To my ears, “Community” is an overused trigger word. Depending how it is bantered about, I struggle to understand what community is being referenced. It is my humble opinion that people too frequently use the word to describe … well, something. Sort of.
As much as I dislike the word, this week I’ve started to think that I do, in fact, have a “community”. Or maybe communities.
Community shows up in little ways and big ones. In little ways, the people who choose to make this area home collectively shape our shared experience. The coffee shop and shelter in downtown Laporte. The small meat counter and grocery. The guys at the dump who are always so kind.
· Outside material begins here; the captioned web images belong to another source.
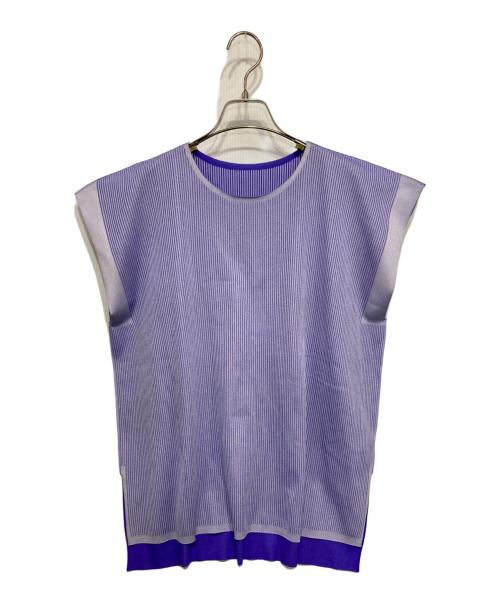 PLEATS PLEASE（プリーツプリーズ）PLEATS PLEASE (プリーツプリーズ) A-POC FORM パープル サイズ:記載無しの古着・服飾アイテム
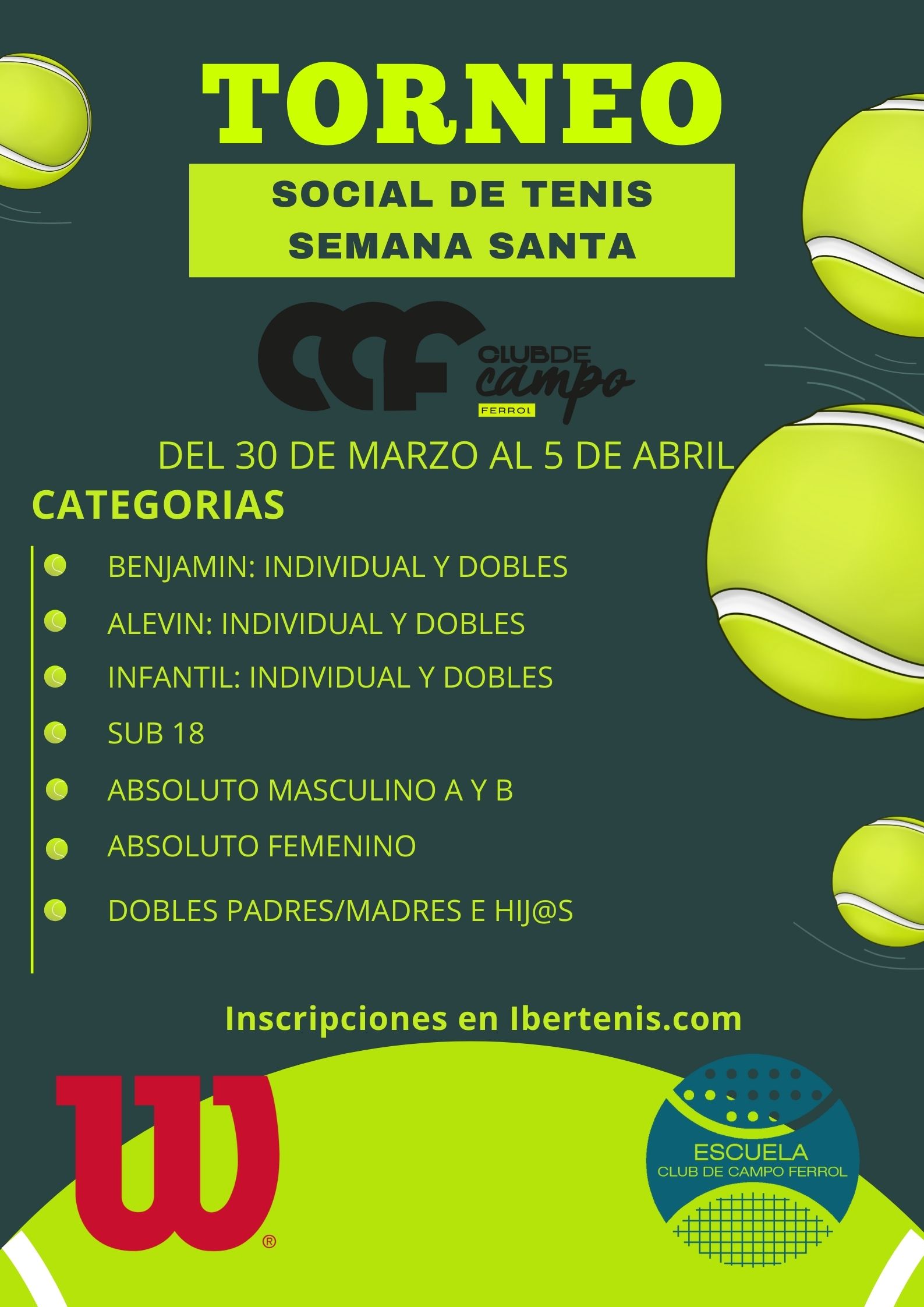 cartel TORNEO SOCIAL SEMANA SANTA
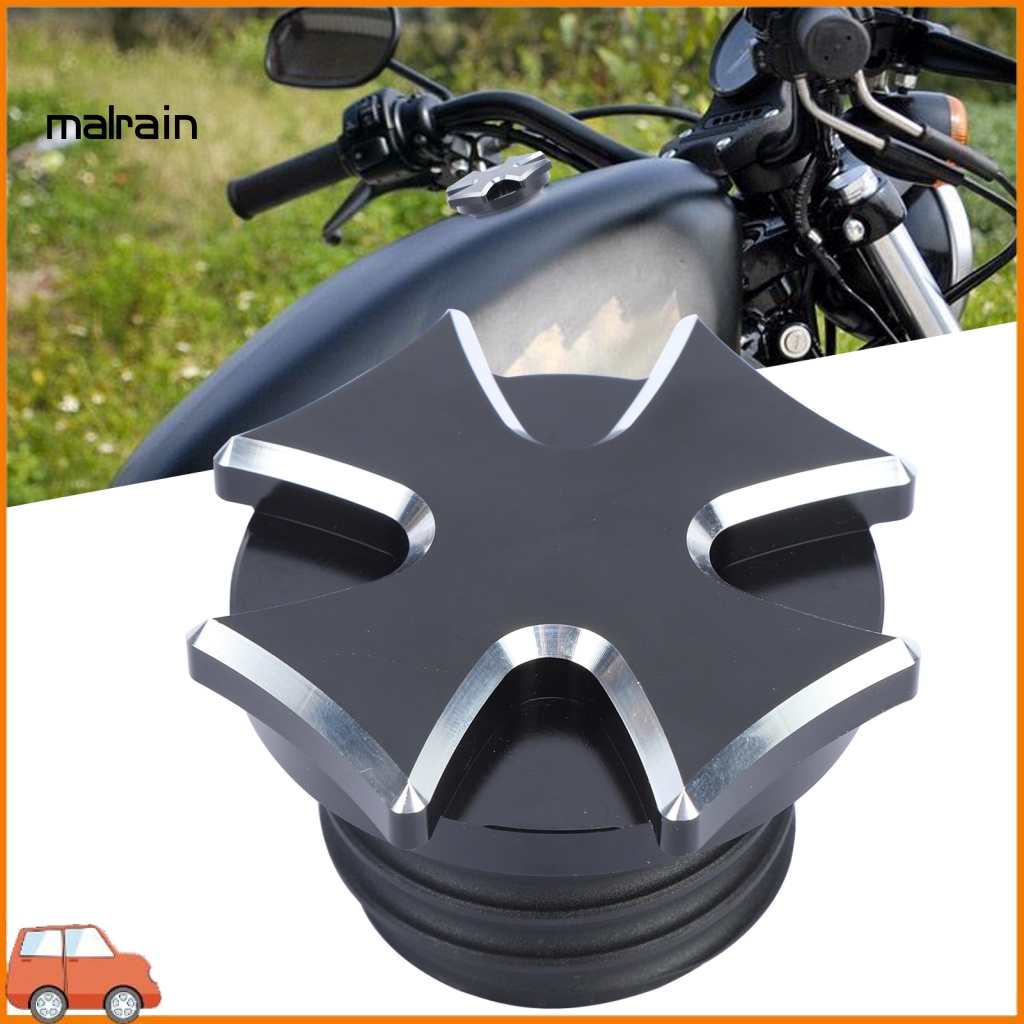 Nắp Bình Xăng Chống Va Chạm Màu Trắng Đen Cho Xe Mô Tô MP12-001 - 0162 XL1200 XL883 X48 V72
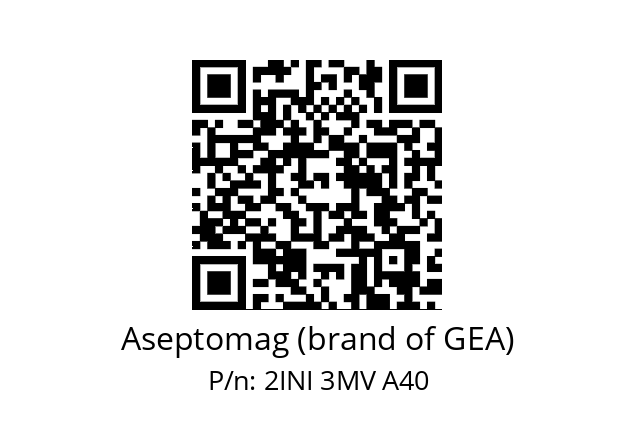   Aseptomag (brand of GEA) 2INI 3MV A40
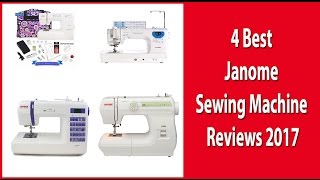 4 Best Janome Sewing Machine Reviews 2020  Compact Sewing Machine with Free Arm [upl. by Hayley]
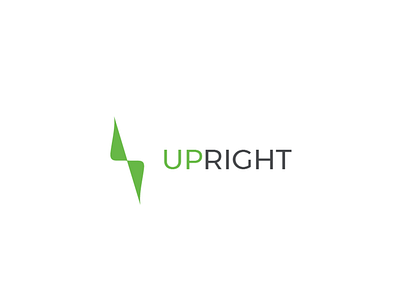 Upright Logo branding identity logo logomark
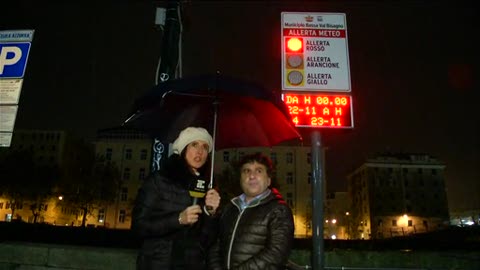 Maltempo a Genova, la situazione del torrente Bisagno 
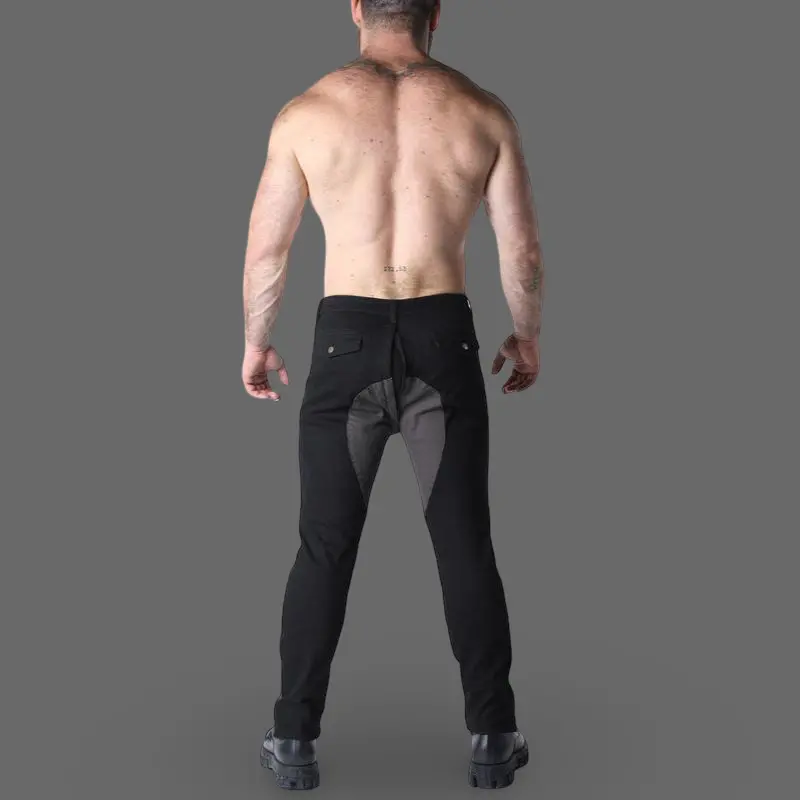 CB13 Brigade Twill Zipper Pant, Satteldetail, schwarz | Dark-Ink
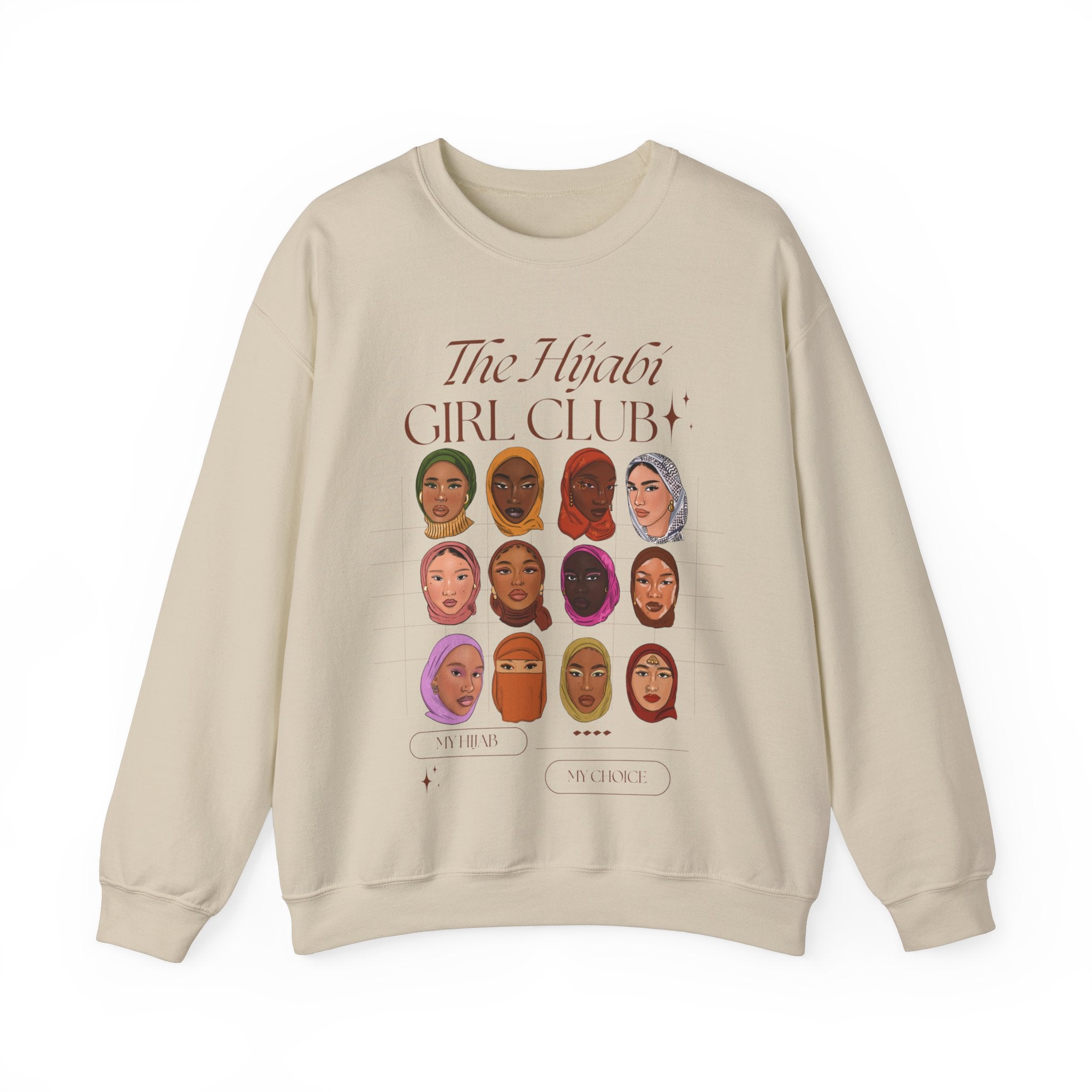 Hijabi Girl Club Vol. 2 - Crewneck Sweatshirt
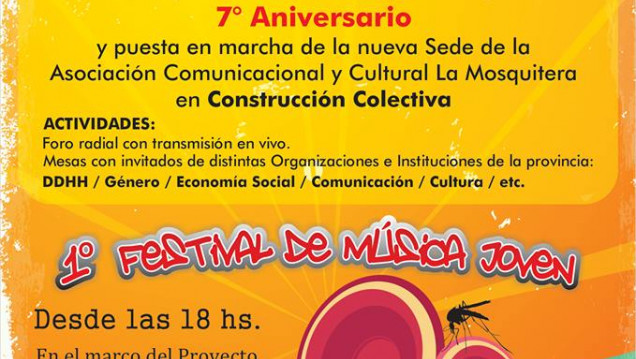 imagen La Mosquitera Radio Comunitaria cumple 7 años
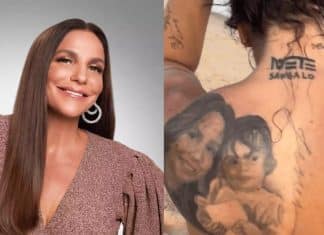 Ivete Sangalo se choca com as muitas tatuagens feitas por uma fã em sua homenagem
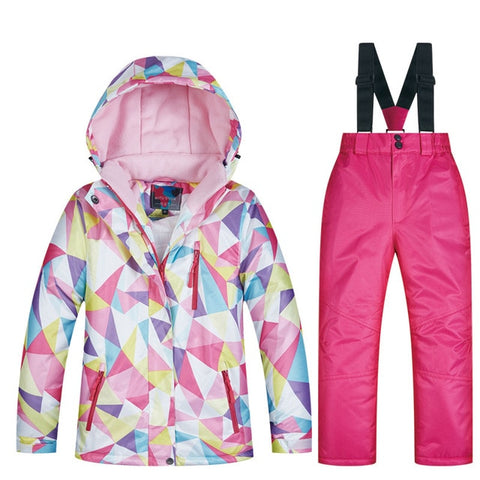 Kids Ski Suit Children Brands Waterproof Warm Girls And Boy Snow Jacket And Pants Winter Skiing And Snowboarding Clothes Child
The gas station that doesn’t have a lot of pumps, but always has diesel.
Saturday night in Laporte can sometimes include dinner at the Popple Bar “in town”. The Laporte city sign states that it has 134 residents, so we’re using “town” a bit loosely.
But on Saturday night in this town, our server is a person also named, “Daphne”. Our neighbors who operate the winery next door were also at the Popple for dinner. And the music act booked for Sunday afternoon at the winery next door is a two-man band from the next town over.

Sunday morning we worked in an even smaller community, our own. At the front house we moved the adolescent chicks into their bigger coup. The converted “mini-goat barn” still needs interior work before winter, but it’s good enough for now. The flock is outgrowing the smaller, official chicken coup by the day, so mini-goat barn it is – ready or not.
Achieving the chicken move we stopped by the winery next door for the aforementioned live music. Here, in this space (to use another term of the day), the community included hearty, even if graying somewhat, travelers still singing the optimism and hope of the 60s, still believing that we can be better, the way the crochet-clothed crowd did before the 80s hit. Still wearing tie-dye. I’m not a member of that community, I am solidly and stereotypically Gen-X, but I can see it and I can see its members recognize each other.

And there are the bigger, more intentional ways. Today, Monday, May 25, 2026, I got to be part of a community that never forgets the sacrifices of others. On this Memorial Day, like most of the Memorial Days in my 47 years, I will go to the same cemetery, in the same woods, to listen to the same hymns and poems, all to memorialize and honor the same souls — those who gave the ultimate sacrifice in service to their nation and their communities. Memorial Day is a national holiday experienced locally in all sizes of cemeteries in all kinds of communities. It’s a reminder that we can, individually and together, be better and bigger than ourselves. More magnanimous. More loving. More gracious to others. At least until Tuesday morning.
This year it’s also the 100-year anniversary of the Ladies Birthday Club. For 100 years the Ladies Birthday Club has supported the Leader community by catering events, weddings, and deaths for a free will offering. The profits are donated to maintaining community assets like the Leader Hall.
As much as I dislike the word, and as much as I’ve overused it here, the dedicated members of this local community have, through their service to each other, very much earned and built community.
With that, I sat down, sort of shut up, and enjoyed my white bread egg salad sandwich. In community. And that is the news from Laporte this week.